**Action item:** The line that contains "游泳池，污水池聚脲噴涂" marks the start. Please set it down, with every later line of the data, exactly and without pictures.

Data for this task section start

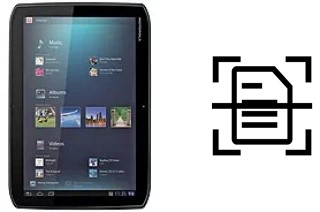 Numériser un document sur un Motorola XOOM 2 MZ615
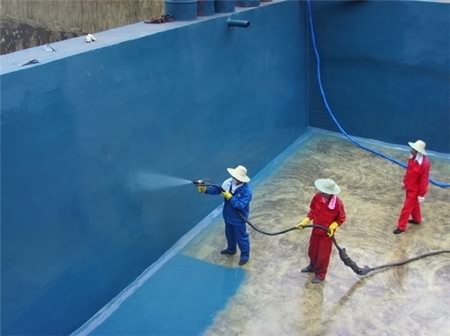 游泳池，污水池聚脲噴涂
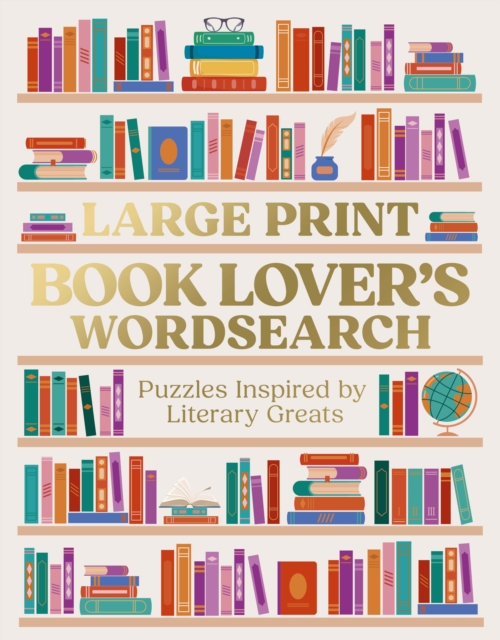 Large Print Book Lover's Wordsearch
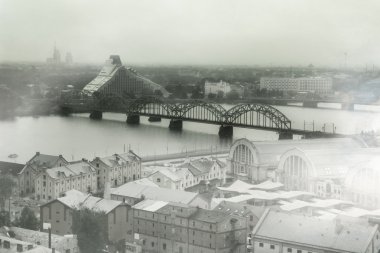Riga views in latvia clipart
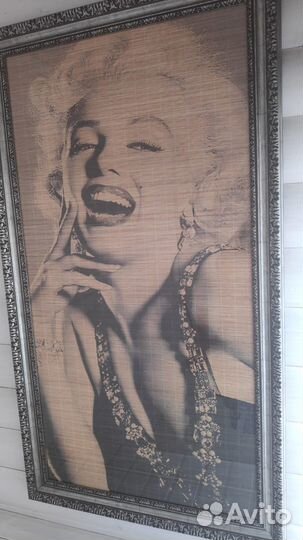 Картина постер Мерелин Монро большая 126*70 см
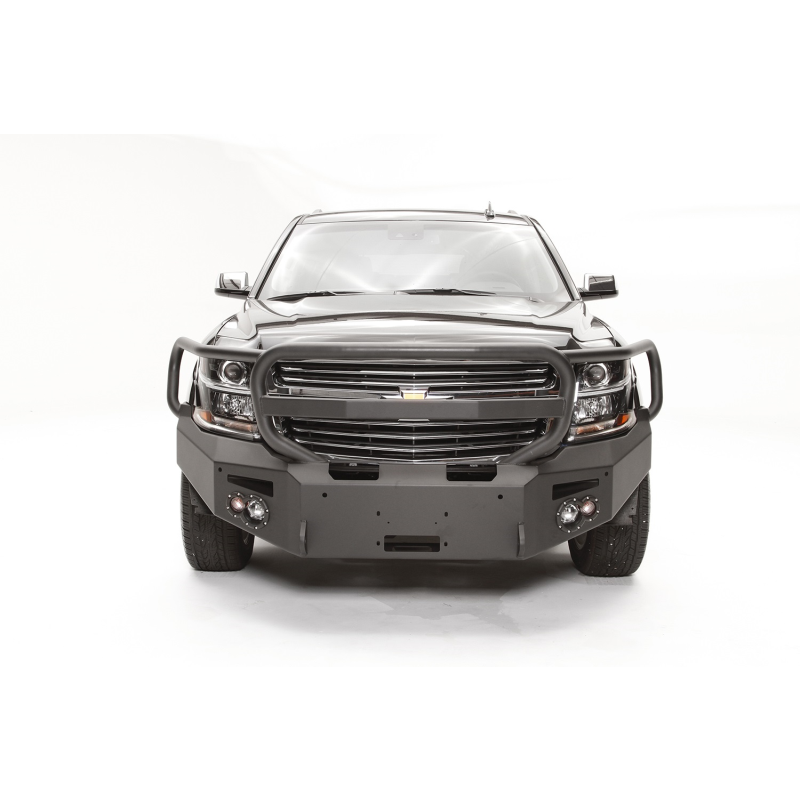Fab Fours Premium Winch Front Bumper w/ Grille Guard Model CS15-F3550-1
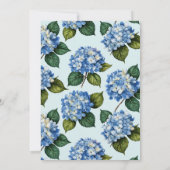 Hydrangea Bridal Shower 招待状 (裏面)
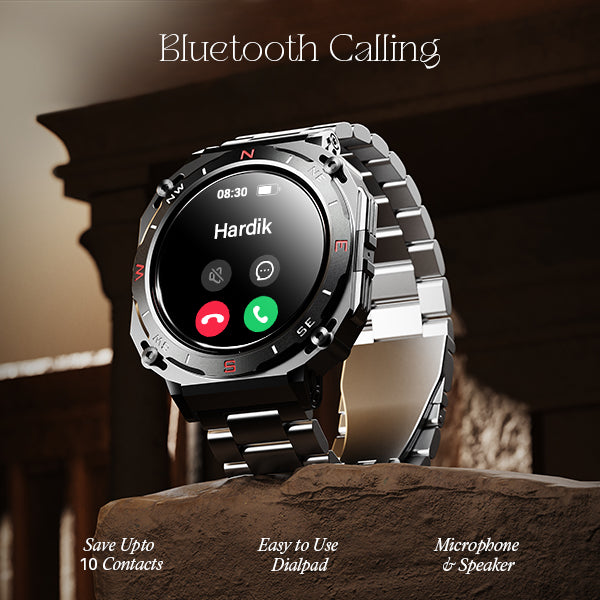 boAt Enigma X500 | Smartwatch with 1.43" (3.63 cm) AMOLED Round Display, BT Calling, 100+ Watch Faces, 100+ Sports Modes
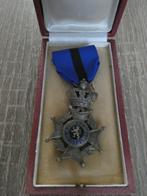 Orde van Leopold II met doosje., Verzamelen, Ophalen of Verzenden, Landmacht, Overige gebieden, Lintje, Medaille of Wings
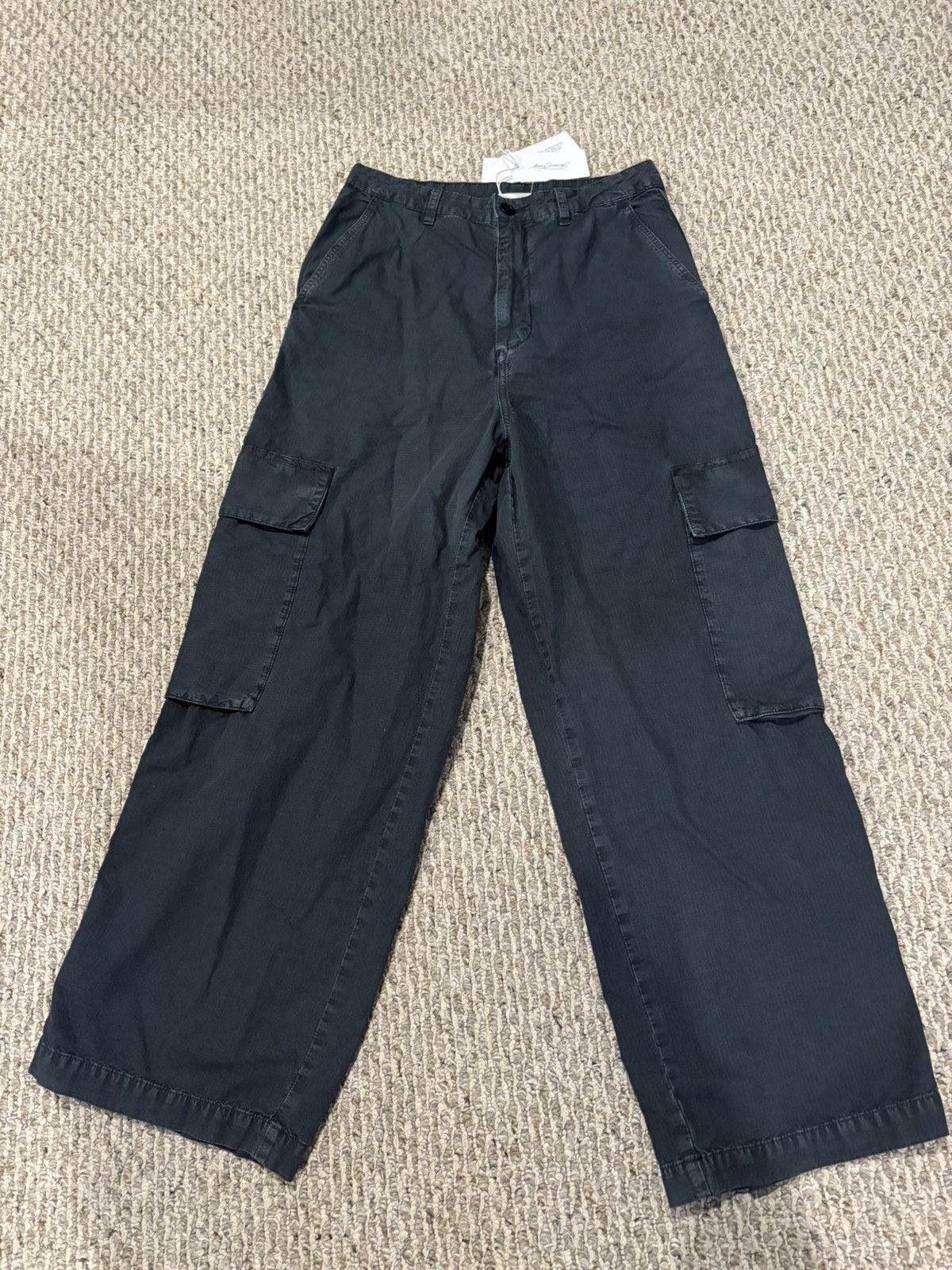 Other American vintage france black baggy military cargo pants Size US 30 / EU 46 - 1 Thumbnail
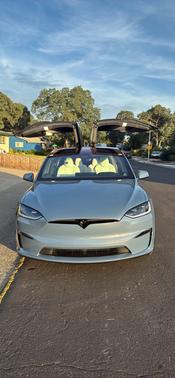 Blue 2026 Tesla Model X Plaid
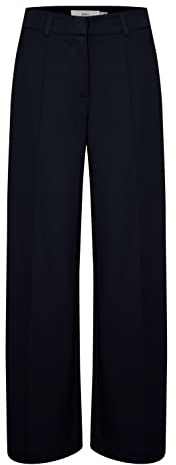 ICHI IHKATE SUS Office Wide PA Damen Hose Stoffhose mit Stretch gerader Schnitt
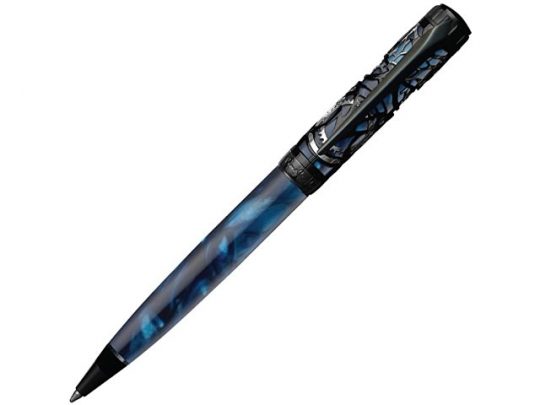 Ручка шариковая Pierre Cardin L`ESPRIT с поворотным механизмом, синий/черный/серебро, арт. 015615103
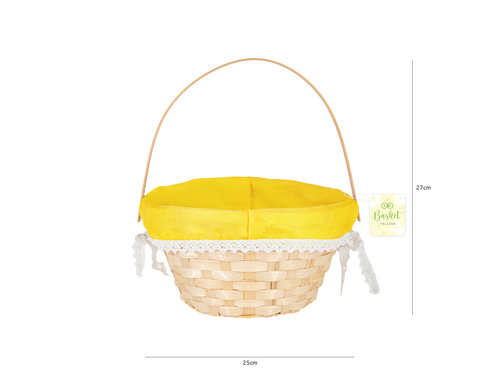 Koszyk wielkanocny Żółty - 1 szt.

Data for this task section end

**Result of this task:**
 游泳池，污水池聚脲噴涂
 Large Print Book Lover's Wordsearch
Riga views in latvia clipart
 Картина постер Мерелин Монро большая 126*70 см
Fab Fours Premium Winch Front Bumper w/ Grille Guard Model CS15-F3550-1
 Hydrangea Bridal Shower 招待状 (裏面)
 boAt Enigma X500 | Smartwatch with 1.43" (3.63 cm) AMOLED Round Display, BT Calling, 100+ Watch Faces, 100+ Sports Modes
 Orde van Leopold II met doosje., Verzamelen, Ophalen of Verzenden, Landmacht, Overige gebieden, Lintje, Medaille of Wings
 Other American vintage france black baggy military cargo pants Size US 30 / EU 46 - 1 Thumbnail
 Blue 2026 Tesla Model X Plaid
 ICHI IHKATE SUS Office Wide PA Damen Hose Stoffhose mit Stretch gerader Schnitt
 Ручка шариковая Pierre Cardin L`ESPRIT с поворотным механизмом, синий/черный/серебро, арт. 015615103
 Koszyk wielkanocny Żółty - 1 szt.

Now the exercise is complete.